Problem requirements: Pictures aside, repeat the listing below exactly.

Exercise data:
§

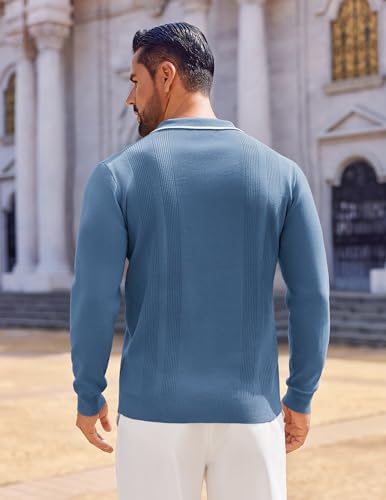 COOFANDY Mens Knit Polo Sweaters Long Sleeve Vintage Polos Casual Dress Pullover Old Money Tops4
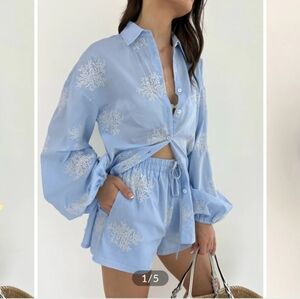 Commense Light Blue Women's Shorts Set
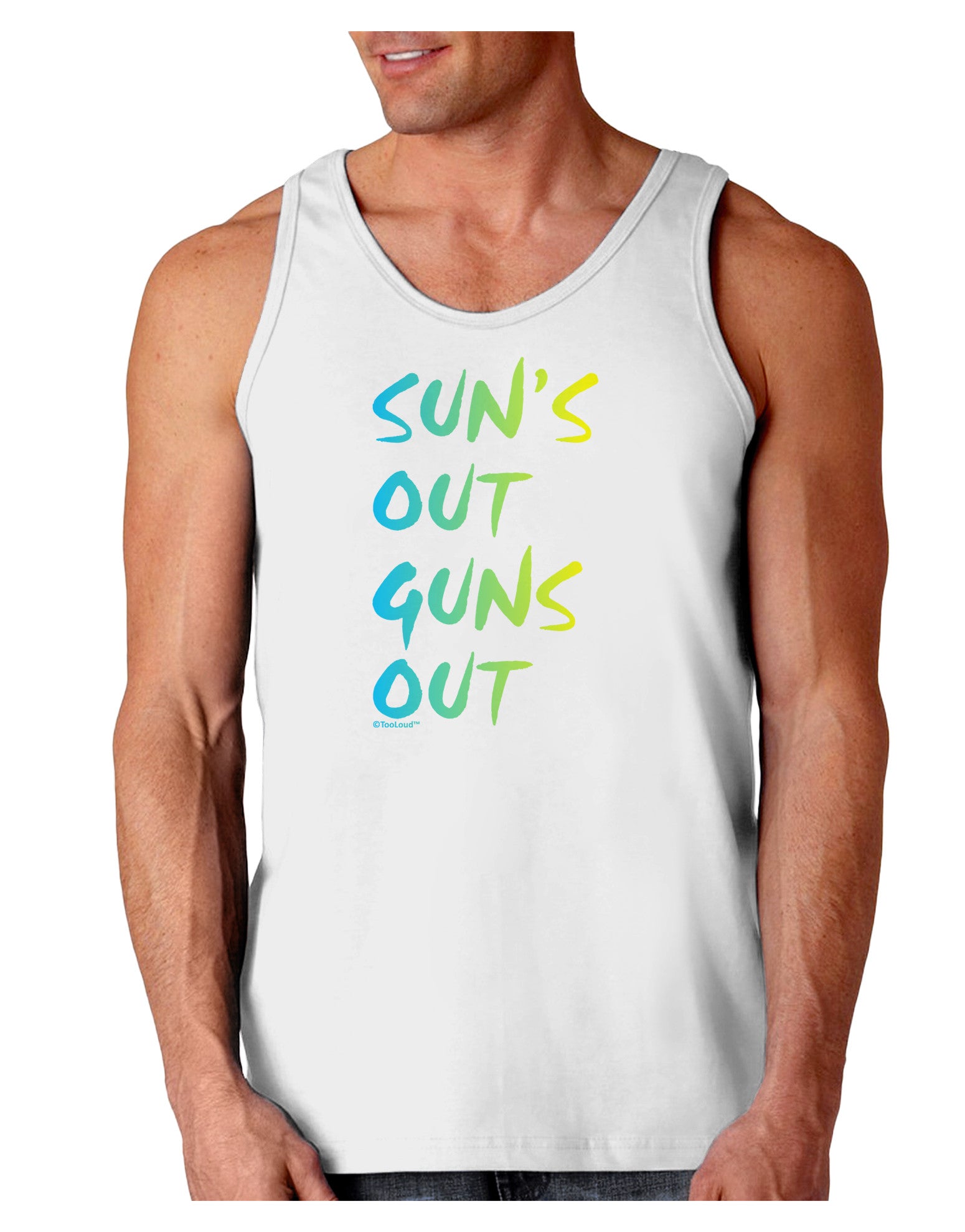 Suns Out Guns Out - Gradient Colors Loose Tank Top-Loose Tank Top-TooLoud-White-Small-Davson Sales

§

Output below:
 COOFANDY Mens Knit Polo Sweaters Long Sleeve Vintage Polos Casual Dress Pullover Old Money Tops4
 Commense Light Blue Women's Shorts Set
 Suns Out Guns Out - Gradient Colors Loose Tank Top-Loose Tank Top-TooLoud-White-Small-Davson Sales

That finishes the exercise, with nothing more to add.